Já se tornou vício cultural o academicismo político brasileiro de reduzir todas as soluções de problemas públicos exclusivamente a mudanças constitucionais, decretos e resoluções. A visão que se tem sobre os problemas do Judiciário padece desse mesmo vício. Parte deles decorre de problemas processuais que necessitam ser extirpados. Mas o ponto central não depende nem de reforma nem de mudanças constitucionais: trata-se de gerenciamento, algo que depende apenas de conhecimento e de vontade política dos presidentes de tribunais.
Como exemplo, há uma revolução em marcha no Tribunal Regional Federal da 3ª Região (que engloba São Paulo e Mato Grosso).

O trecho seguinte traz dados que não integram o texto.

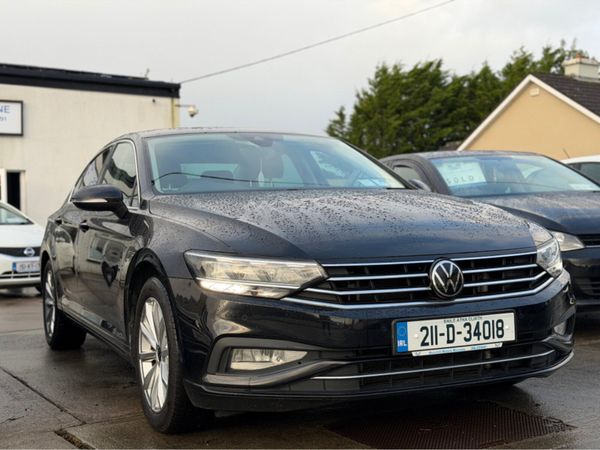 Volkswagen Passat LOW MILEAGE- BUSINESS 2.0 TDI MA 376798434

A mera racionalização de sistemas, padronização de processos e implementação dos primeiros passos do programa de qualidade total têm permitido avanços substanciais de tempo e de eficiência. "A Justiça é mal gerida, a administração é amadora e, na sua formação, o advogado foge da administração e da matemática", constata José Kallas, um mineiro de Santa Rita do Sapucaí, presidente do TRF da 3ª Região.
Em seu período como juiz estadual, Kallas assumiu comarcas desorganizadas, implementou melhorias. Depois, quando era remanejado, as melhorias se diluíam e o sistema ficava pior do que antes. Essa avaliação lhe deu a convicção de que a melhoria dos sistemas no Judiciário só seria irreversível se se definissem padrões e procedimentos.
Pensou-se então em um processo de qualificação do tribunal pela ISO e a implementação de programas de qualidade, dentro dos padrões da FDG (Fundação de Desenvolvimento Gerencial).
O primeiro passo foi definir projetos pilotos, que servissem de vitrine para a ampliação do conceito. Completado o piloto, o programa de qualidade estendeu-se às 24 varas de toda a região.
Foi montado um escritório de qualidade, tendo o próprio Kallas como coordenador-geral e mais quatro consultores, funcionários do próprio tribunal. Foram treinados 4.000 funcionários em três meses, com grupos de instrutores do tribunal. Servidores de primeira instância passaram a dar curso de 5 S (procedimentos de organização do ambiente de trabalho) e qualidade total para corregedores.
No início dessas mudanças, havia 80 mil processos na distribuição, muitos com anos de espera, criando o clima adequado à corrupção. O tribunal era sufocado por dezenas de petições pedindo prioridade para seus casos ou então advogados comprando funcionários para seu processo passar à frente (ou ficar para trás). Quando chegava a petição, os funcionários tinham que localizar o processo dentre 80 mil na distribuição. Em algumas varas, o desarquivamento consumia 50% do tempo do pessoal administrativo.
Hoje, no Fórum Pedro Lessa, em um minuto de consulta ao computador é possível saber para qual vara foi distribuído o processo. A consulta é efetuada pelo próprio arquivo, em que foram colocados funcionários com fé pública, com poder de certificar as certidões. Não existem mais de 5.000 a 6.000 processos a ser distribuídos -o equivalente ao movimento dos últimos 15 dias-, e Kallas não recebe uma só petição. Antes, as apelações levavam até dois anos para chegar a Brasília. Hoje em dia, o prazo não passa de quatro meses.
Todo o interior está informatizado, com um computador para cada funcionário e juiz. E, pela Internet, é possível acompanhar os processos (www.trf3.gov.br), bastando para tanto o número do processo, que passou a ser único (antes cada instância tinha um número diferente).
O modelo está aí, para o tribunal que resolver seguir a receita.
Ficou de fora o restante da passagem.